Stanford Synchrotron Radiation Lightsource

Figure 1: Structure of Sro7. The N-terminal barrel is light green, the C-terminal barrel is light blue, and the tail is shown in dark blue.

The cells that comprise many tissues are polarized, meaning that they have distinct 'sides' with different membrane identities. For example, in the cells that line the intestine, the membrane that faces the space in the gut has special proteins responsible for uptake of nutrients, whereas the sides that contact neighboring cells have different proteins on their surfaces. Cell polarity is fundamental to many aspects of cell and developmental biology and it is implicated in differentiation, proliferation and morphogenesis in both unicellular and multi-cellular organisms. Loss of cell polarity can lead to uncontrolled tissue growth and cancers. To generate and maintain this polarized structure, specific proteins and lipids must be delivered to particular locations on the cell membrane. This process involves active transport of membrane-enclosed vesicles containing specific cargo to a target site, where the vesicle and target membranes then fuse to deliver the cargo. Soluble N-ethylmaleimide-sensitive factor activating protein receptor (SNARE) proteins in the vesicle membrane and target membrane form a complex that mediates membrane fusion. The process by which SNARE-mediated membrane fusion is coordinated with the machinery that transports the vesicle to the correct location is poorly understood.
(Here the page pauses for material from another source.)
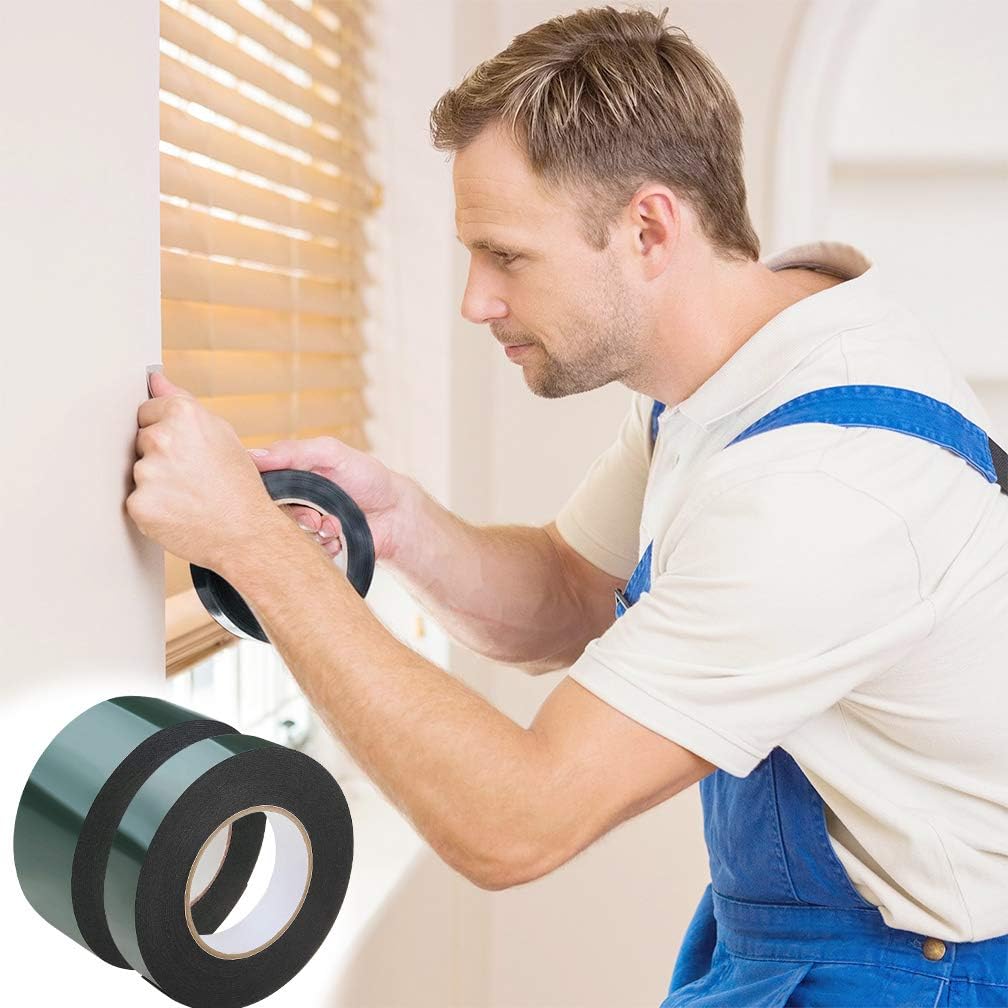 WooZuu Heavy Duty Double Sided Tape, 3 Rolls 5m Black Mounting Tape - Image 5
In this work, Hattendorf et al. studied a yeast protein called Sro7 that is essential for delivery of vesicles from a mother to a budding daughter cell, which is another example of polarized cell growth. Sro7 and its relatives in higher organisms bind to SNARE proteins and are known to be essential for cell polarity, but their mechanism is unknown. The crystal structure of Sro7, determined with data measured at SSRL (Beam Line 11-1) and the Advanced Light Source, revealed a double-domain structure that is followed by a "tail" that binds to the surface of one of the domains (Figure 1). It was shown that removal of the tail promotes binding to a yeast SNARE protein and thereby blocks formation of SNARE complexes. Thus, the structure led to the discovery of an unanticipated mechanism for regulating SNARE complex assembly (Figure 2), and provided the first mechanistic data on this essential family of proteins.

Figure 2. Model for how Sro7 may coordinate release of the SNARE Sec9 with arrival of a secretory vesicle. Sro7 is associated with the plasma membrane at the site of budding. It is proposed that membrane association of Sro7 is coupled to displacement of the tail from its binding site. In this state, Sro7 binds to the Sec 9 SNARE regions (marked Qb and Qc) and prevents Sec9 from binding to its partner SNAREs (shown in red and blue) while localizing it to the eventual site of membrane fusion. Factors associated with the arriving vesicle would stimulate rebinding of the tail to the body of Sro7, releasing the Sec9 SNARE regions and allowing SNARE complex formation and membrane fusion to proceed, thereby coordinating arrival of the vesicle with membrane fusion.

This work was supported by grants from the NIH and the American Cancer Society.